* [What to do]: Restrict the output to the lines below starting at the one that contains "Силіконовий пластир від" and ending at the one that contains "SATCH Zaino scuola MATCH PLUS Street Ink", and restate them word for word, both ends included.

★ ★ ★

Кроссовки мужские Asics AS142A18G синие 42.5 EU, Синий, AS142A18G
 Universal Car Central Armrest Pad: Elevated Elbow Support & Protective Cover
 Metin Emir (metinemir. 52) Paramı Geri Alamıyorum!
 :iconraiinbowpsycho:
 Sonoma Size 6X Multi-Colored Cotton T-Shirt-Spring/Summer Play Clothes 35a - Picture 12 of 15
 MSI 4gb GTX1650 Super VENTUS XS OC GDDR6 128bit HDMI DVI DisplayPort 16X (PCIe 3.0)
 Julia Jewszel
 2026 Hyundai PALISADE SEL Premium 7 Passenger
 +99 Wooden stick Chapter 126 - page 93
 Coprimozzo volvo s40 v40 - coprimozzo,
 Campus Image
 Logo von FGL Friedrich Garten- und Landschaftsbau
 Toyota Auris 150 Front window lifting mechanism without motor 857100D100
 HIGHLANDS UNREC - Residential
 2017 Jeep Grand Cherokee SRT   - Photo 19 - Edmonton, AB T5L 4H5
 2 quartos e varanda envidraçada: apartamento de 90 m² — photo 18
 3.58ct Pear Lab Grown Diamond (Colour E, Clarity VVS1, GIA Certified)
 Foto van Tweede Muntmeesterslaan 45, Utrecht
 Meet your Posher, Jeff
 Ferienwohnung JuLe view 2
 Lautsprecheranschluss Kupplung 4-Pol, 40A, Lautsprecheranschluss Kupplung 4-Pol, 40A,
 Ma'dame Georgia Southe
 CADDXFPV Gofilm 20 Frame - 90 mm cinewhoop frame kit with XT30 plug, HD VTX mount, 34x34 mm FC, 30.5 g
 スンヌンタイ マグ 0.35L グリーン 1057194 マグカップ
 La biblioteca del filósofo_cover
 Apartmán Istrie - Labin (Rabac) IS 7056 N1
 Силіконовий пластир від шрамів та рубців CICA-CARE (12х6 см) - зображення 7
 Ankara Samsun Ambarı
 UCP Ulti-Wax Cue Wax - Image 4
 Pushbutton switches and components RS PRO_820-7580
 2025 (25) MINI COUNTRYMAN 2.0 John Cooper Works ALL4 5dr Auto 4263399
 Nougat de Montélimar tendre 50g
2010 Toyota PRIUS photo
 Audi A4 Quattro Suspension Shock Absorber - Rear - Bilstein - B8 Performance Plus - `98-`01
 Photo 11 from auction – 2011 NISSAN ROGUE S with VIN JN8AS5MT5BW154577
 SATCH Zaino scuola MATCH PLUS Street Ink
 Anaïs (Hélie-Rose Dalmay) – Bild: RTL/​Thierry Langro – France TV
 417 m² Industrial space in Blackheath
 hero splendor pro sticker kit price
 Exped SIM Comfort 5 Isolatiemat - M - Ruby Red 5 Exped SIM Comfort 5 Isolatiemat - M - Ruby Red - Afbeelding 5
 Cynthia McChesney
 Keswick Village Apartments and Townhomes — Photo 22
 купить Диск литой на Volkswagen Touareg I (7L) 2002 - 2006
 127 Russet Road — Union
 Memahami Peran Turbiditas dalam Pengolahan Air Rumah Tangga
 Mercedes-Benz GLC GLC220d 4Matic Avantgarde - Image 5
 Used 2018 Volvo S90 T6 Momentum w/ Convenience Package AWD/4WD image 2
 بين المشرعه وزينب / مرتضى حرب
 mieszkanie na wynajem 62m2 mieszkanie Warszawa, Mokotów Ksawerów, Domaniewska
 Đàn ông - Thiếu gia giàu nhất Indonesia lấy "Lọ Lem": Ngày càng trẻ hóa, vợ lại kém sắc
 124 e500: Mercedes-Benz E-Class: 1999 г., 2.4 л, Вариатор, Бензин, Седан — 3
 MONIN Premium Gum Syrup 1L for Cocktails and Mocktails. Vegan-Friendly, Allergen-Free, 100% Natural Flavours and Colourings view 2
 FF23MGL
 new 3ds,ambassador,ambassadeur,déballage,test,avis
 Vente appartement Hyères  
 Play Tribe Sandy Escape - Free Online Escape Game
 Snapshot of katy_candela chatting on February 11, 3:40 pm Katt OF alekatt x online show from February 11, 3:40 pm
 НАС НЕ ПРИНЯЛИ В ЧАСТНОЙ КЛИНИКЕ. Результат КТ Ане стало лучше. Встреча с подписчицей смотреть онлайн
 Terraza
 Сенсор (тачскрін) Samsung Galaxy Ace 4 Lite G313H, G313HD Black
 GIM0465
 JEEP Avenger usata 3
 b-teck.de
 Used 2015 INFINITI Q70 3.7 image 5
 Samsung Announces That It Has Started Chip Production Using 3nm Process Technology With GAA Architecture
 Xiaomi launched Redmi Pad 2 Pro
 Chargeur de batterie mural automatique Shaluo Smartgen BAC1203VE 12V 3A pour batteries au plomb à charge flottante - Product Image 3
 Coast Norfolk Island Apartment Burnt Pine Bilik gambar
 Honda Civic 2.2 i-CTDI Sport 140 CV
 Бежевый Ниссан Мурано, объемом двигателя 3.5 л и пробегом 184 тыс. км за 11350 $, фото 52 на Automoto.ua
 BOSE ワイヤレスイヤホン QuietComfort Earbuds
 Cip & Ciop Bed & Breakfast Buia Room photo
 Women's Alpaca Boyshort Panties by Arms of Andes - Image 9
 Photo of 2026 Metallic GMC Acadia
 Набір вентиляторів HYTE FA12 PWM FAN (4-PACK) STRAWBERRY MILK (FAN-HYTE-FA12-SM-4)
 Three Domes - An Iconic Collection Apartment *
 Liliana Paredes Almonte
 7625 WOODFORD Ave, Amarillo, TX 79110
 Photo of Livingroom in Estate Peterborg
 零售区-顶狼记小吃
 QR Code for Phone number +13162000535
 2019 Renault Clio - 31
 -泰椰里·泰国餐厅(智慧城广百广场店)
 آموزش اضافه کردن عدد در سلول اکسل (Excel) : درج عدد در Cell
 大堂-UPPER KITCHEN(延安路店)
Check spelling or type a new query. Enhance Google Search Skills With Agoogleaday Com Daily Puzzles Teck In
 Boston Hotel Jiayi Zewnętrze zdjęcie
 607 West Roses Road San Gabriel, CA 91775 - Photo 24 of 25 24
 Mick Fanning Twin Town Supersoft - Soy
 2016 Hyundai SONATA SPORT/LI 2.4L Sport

★ ★ ★

* [Answer section]:
 Силіконовий пластир від шрамів та рубців CICA-CARE (12х6 см) - зображення 7
 Ankara Samsun Ambarı
 UCP Ulti-Wax Cue Wax - Image 4
 Pushbutton switches and components RS PRO_820-7580
 2025 (25) MINI COUNTRYMAN 2.0 John Cooper Works ALL4 5dr Auto 4263399
 Nougat de Montélimar tendre 50g
2010 Toyota PRIUS photo
 Audi A4 Quattro Suspension Shock Absorber - Rear - Bilstein - B8 Performance Plus - `98-`01
 Photo 11 from auction – 2011 NISSAN ROGUE S with VIN JN8AS5MT5BW154577
 SATCH Zaino scuola MATCH PLUS Street Ink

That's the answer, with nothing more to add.